_THE PROBLEM:_ Write out, with no changes, every line starting at the one that contains "Maroon 2026 BMW" and ending at the last line of the data below. Leave pictures out.

DATA FOR THE TASK below:

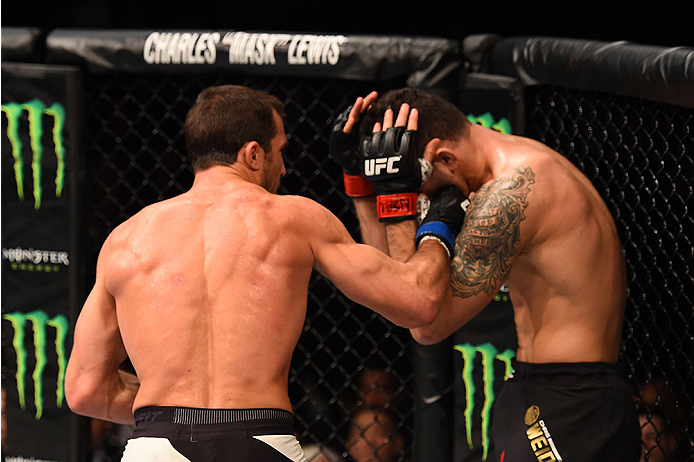 LAS VEGAS, NV - DECEMBER 12: (L-R) Luke Rockhold punches Chris Weidman in their UFC middleweight championship bout during the UFC 194 event inside MGM Grand Garden Arena on December 12, 2015 in Las Vegas, Nevada.  (Photo by Josh Hedges/Zuffa LLC/Zuffa LLC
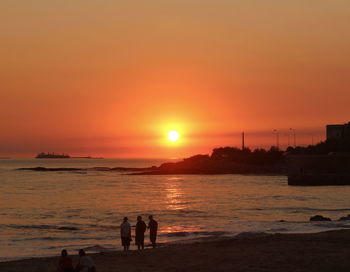 People standing at beach against sky during sunset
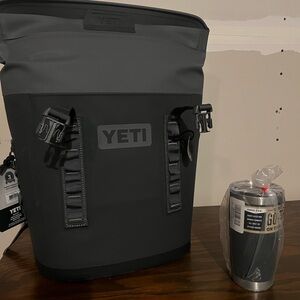 YETI BUNDLE: Black and Gray Backpack Cooler and travel tumbler. Tags still on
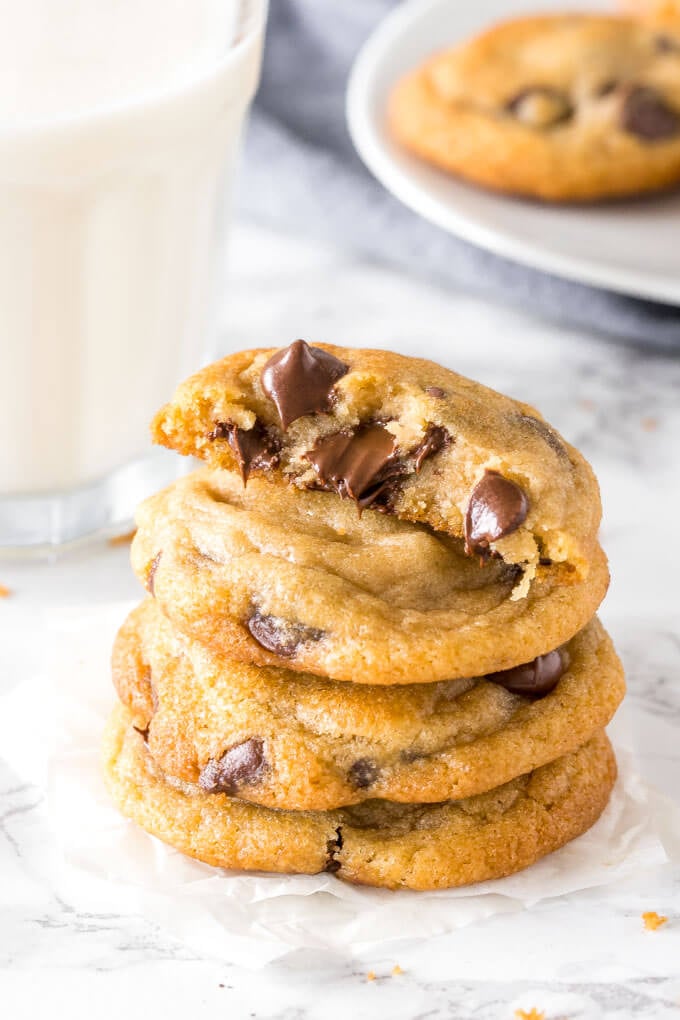 A stack of pudding chocolate chip cookies with one cookie broken in half to show the thick, extra soft center. 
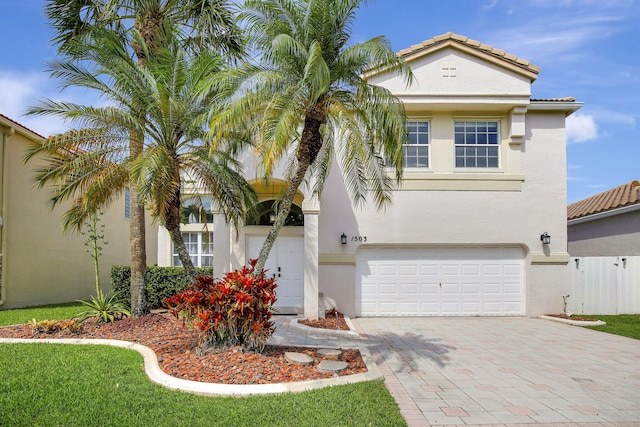 1503 NW 159th Ln, Pembroke Pines, FL 33028 - view of front of home with stucco siding, a garage, decorative driveway, and a tiled roof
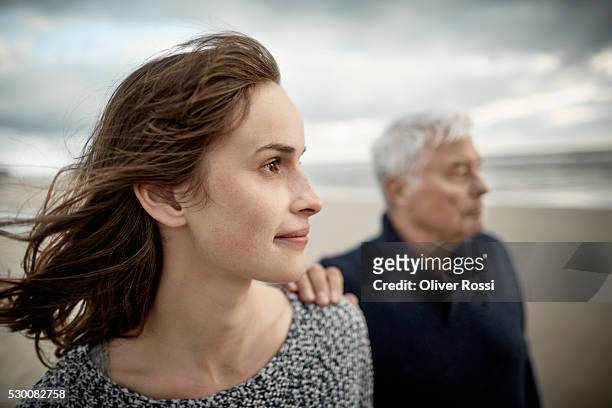 senior man with adult daughter on the beach - senior adult stock-fotos und bilder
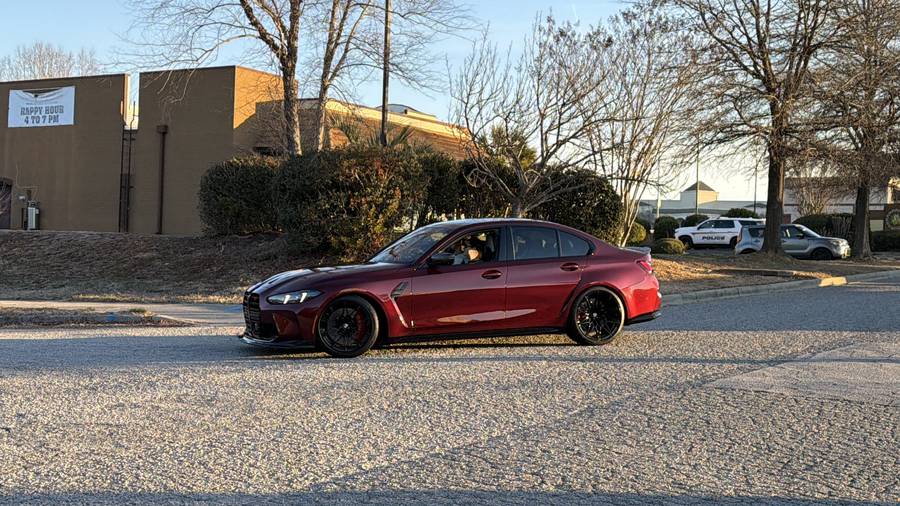 Maroon 2026 BMW M3 Competition parked in front of a brick building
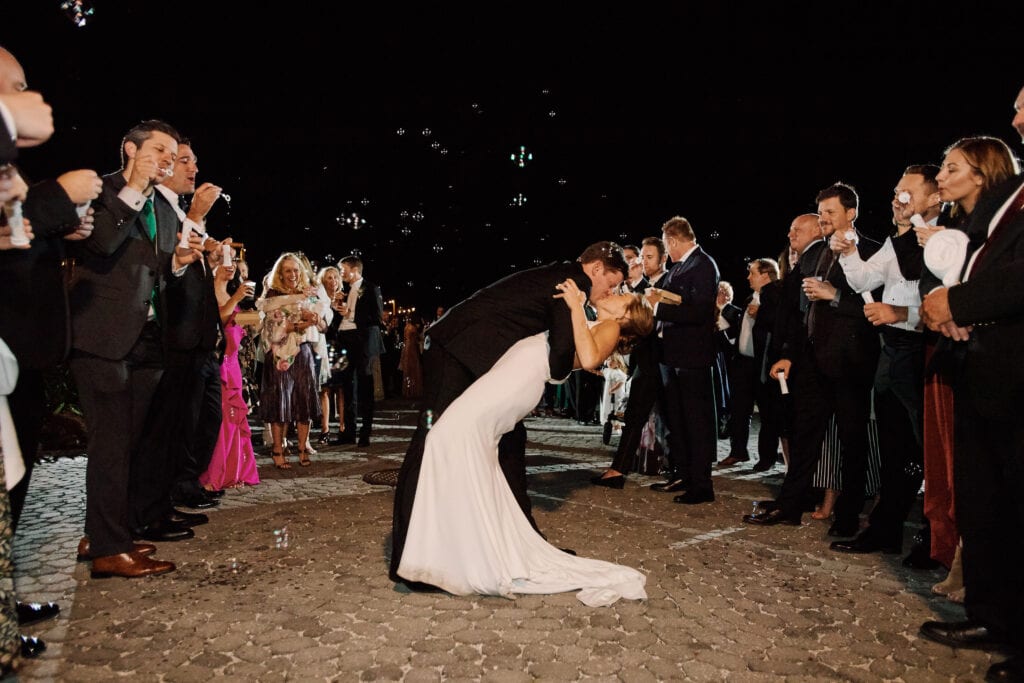 The bride and groom kissing while being blown bubbles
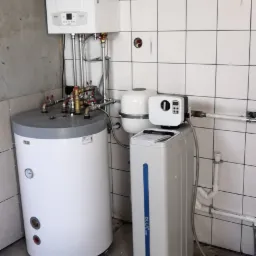 Kocioł gazowy wiszący nad zasobnikiem ciepłej wody i stacją uzdatniania wody w pomieszczeniu z częściowo wykończonymi ścianami i podłogą.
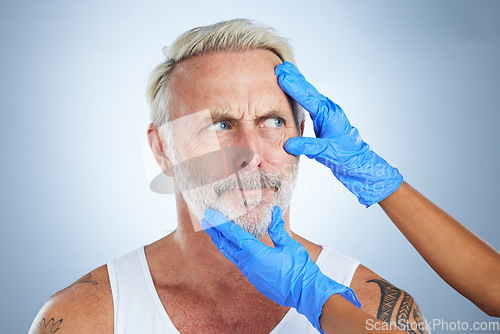 Image of Needle, confused face and senior man in a studio doing plastic surgery and cosmetic skincare. Dermatology gloves, wrinkles and anti aging treatment of a mature model prepare for medical procedure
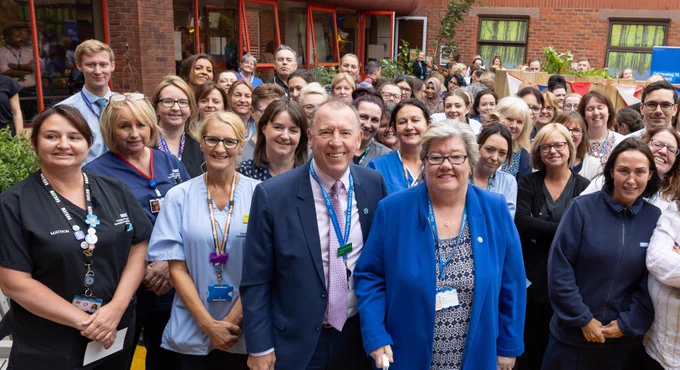 Ann Marr OBE pictured with Trust staff at Southport Hospital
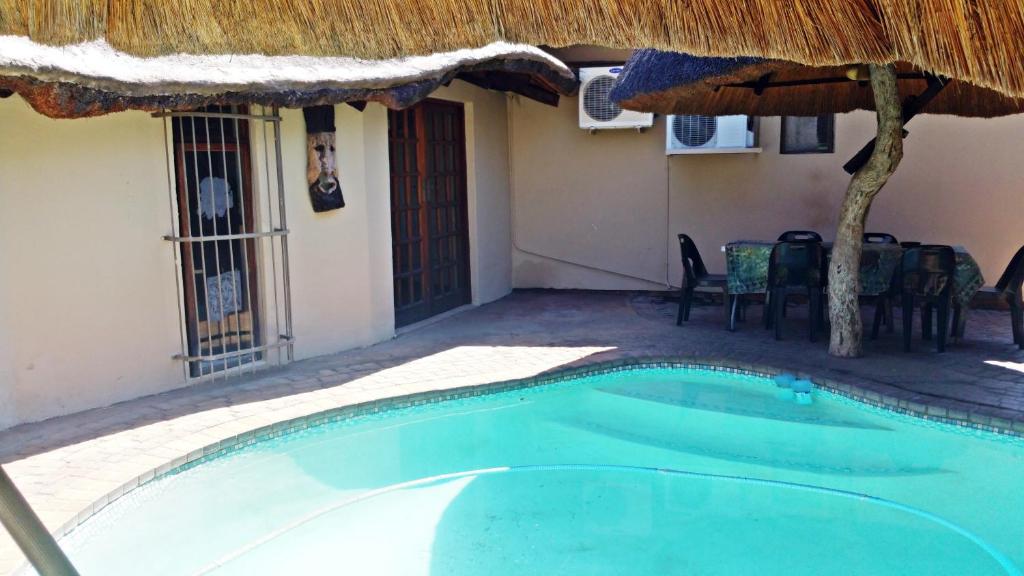 uma piscina com um guarda-sol e uma casa em Lani's Guest House - No Loadshedding em Musina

End of DATA FOR THE TASK.

_TASK SOLUTION:_
 Maroon 2026 BMW M3 Competition parked in front of a brick building
 The bride and groom kissing while being blown bubbles
 Kocioł gazowy wiszący nad zasobnikiem ciepłej wody i stacją uzdatniania wody w pomieszczeniu z częściowo wykończonymi ścianami i podłogą.
 Image of Needle, confused face and senior man in a studio doing plastic surgery and cosmetic skincare. Dermatology gloves, wrinkles and anti aging treatment of a mature model prepare for medical procedure
 Ann Marr OBE pictured with Trust staff at Southport Hospital
 uma piscina com um guarda-sol e uma casa em Lani's Guest House - No Loadshedding em Musina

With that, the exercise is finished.